Sa production de la période d'après-guerre, dans laquelle s'insère notre bronze représentant un soldat, consiste surtout dans les nombreux monuments aux morts de la guerre, demandés par diverses communes de la Vénétie et par des particuliers.

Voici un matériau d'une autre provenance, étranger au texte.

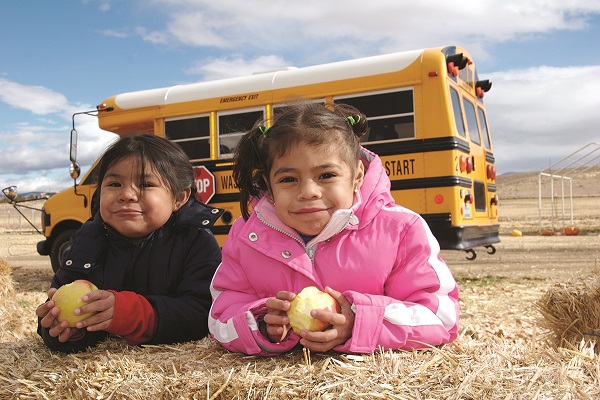 Two children laying on the ground outside, while a school bus is parked in the background.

Parmi les autres nombreuses œuvres du sculpteur, nommé académicien de l'académie des beaux-arts de Venise et académicien honoraire de l'académie de Carrare, on se souvient : les monuments funéraires Bottacin et Mazzariol dans le cimetière de Venise, Carlotti Canossa à Vérone, Pospisil à Padoue ; la statue du Dolore dans le cimetière de Lugo di Romagna ; le Redentore dans le cimetière de Feltre ; le Leone sur la porte des Santi Quaranta à Trévise ; le portrait du Sénateur Luigi Pastro pour les municipalités de Trévise et Venise ; le portrait de Mons. Arcangelo Busicchia dans la cathédrale de Conegliano et les Pietà à San Vito et à Santo Stefano di Cadore.

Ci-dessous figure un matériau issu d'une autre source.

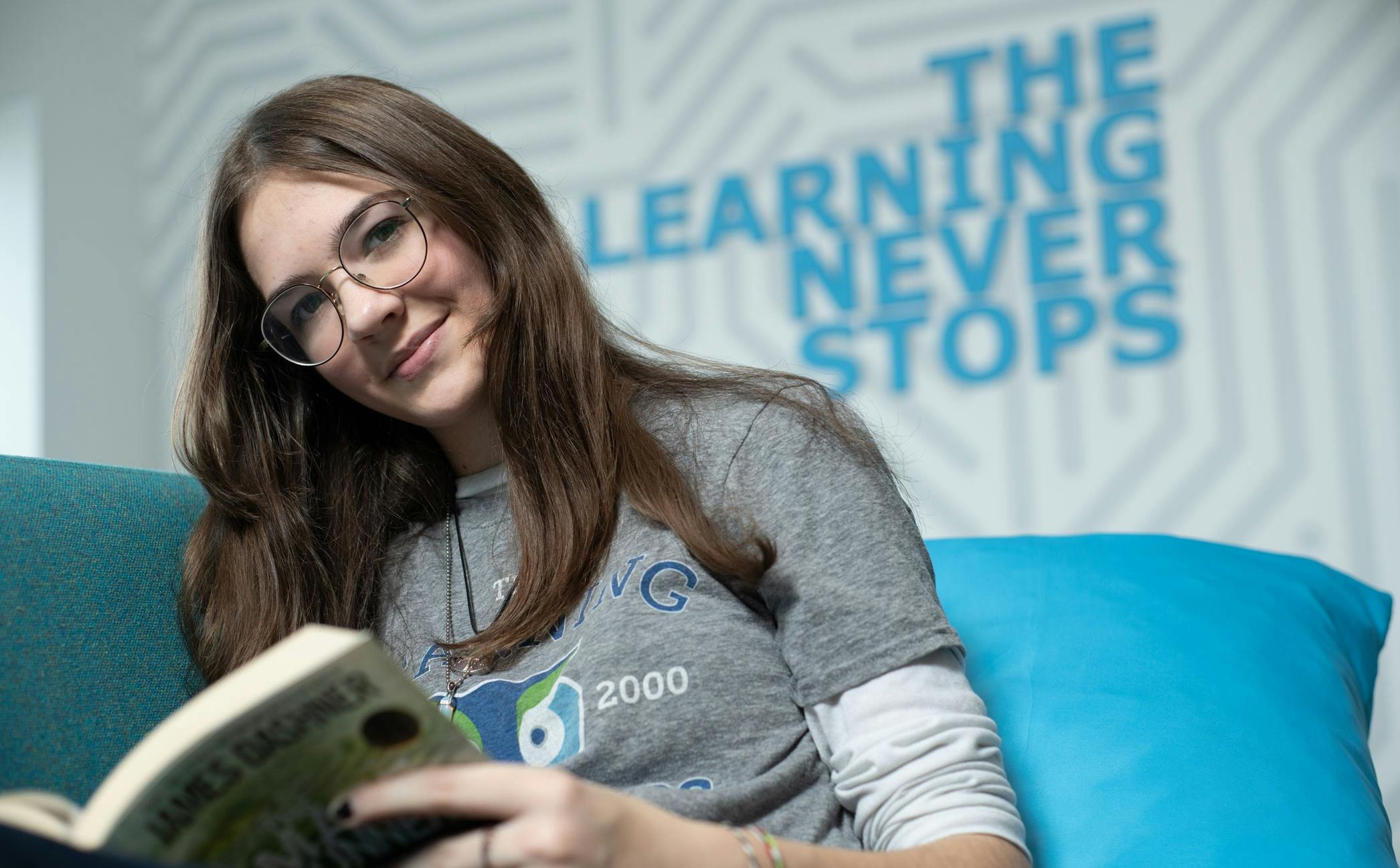 Teen student holds a book and smiles while looking at the camera. The rear wall says "The Learning Never Stops."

(Extrait de M.T. De Lotto, s.v. De Lotto, Annibale, dans Dizionario Biografico degli Italiani, Rome, 38, 1990)
Littérature et Bibliographie :
E. Marini, Venezia antica e moderna, Venise 1905, p. 291 ; G. G. Villanis, Profili d'artisti. A. D., in Almanacco veneto, 1914, pp. 258-66 ; Catalogo della mostra straordinaria nel palazzo dell'Esposizione ai Giardini pubblici, Venise 1921, p. 24 ; P. A. Corna, Dizionario della storia dell'arte in Italia, I, Piacenza 1930, p. 320. G. Bigaglia, Fra gli artisti scomparsi: lo scultore A. D., in Pro familia, 20 ag. 1933, p. 551 ; A. Riccoboni, Roma nell'arte. La scultura nell'evo moderno, Rome 1942, p. 581 ; F. Scarpabolla, A vent'anni dalla morte di A. D., in Il Gazzettino [Venise], 21 nov. 1952 ; E. Lavagnino, L'arte moderna dai neoclassici ai contemporanei, II, Turin 1956, p. 693 ; A. Tocchio-V. Chiesura, Conegliano e le sue attività, Conegliano 1962, pp. 34, 61, 64 ; G. Fabbiani, Chiese del Cadore, Belluno 1964, pp. 20, 65, 131, 163 s., 184 s., 221 ; M. F. Belli, San Vito di Cadore con il diario della invasione austro-tedesca, Belluno 1976, p. 127 ; G. Fabbiani, Breve storia del Cadore, Belluno 1977, pp. 173 ; M.T. De Lotto, s.v. De Lotto, Annibale, dans Dizionario Biografico degli Italiani, Rome, 38, 1990 ; M. De Grassi, Annibale De Lotto (1877-1932), Edizioni della Laguna, Mariano del Friuli, 2003 ; M. De Grassi, Gli eroi son tutti giovani e belli. L’immagine del soldato fra retorica e realtà. 1870-1935, EUT-Edizioni Università di Trieste, 2016, pp. 259, 288, fig. 37.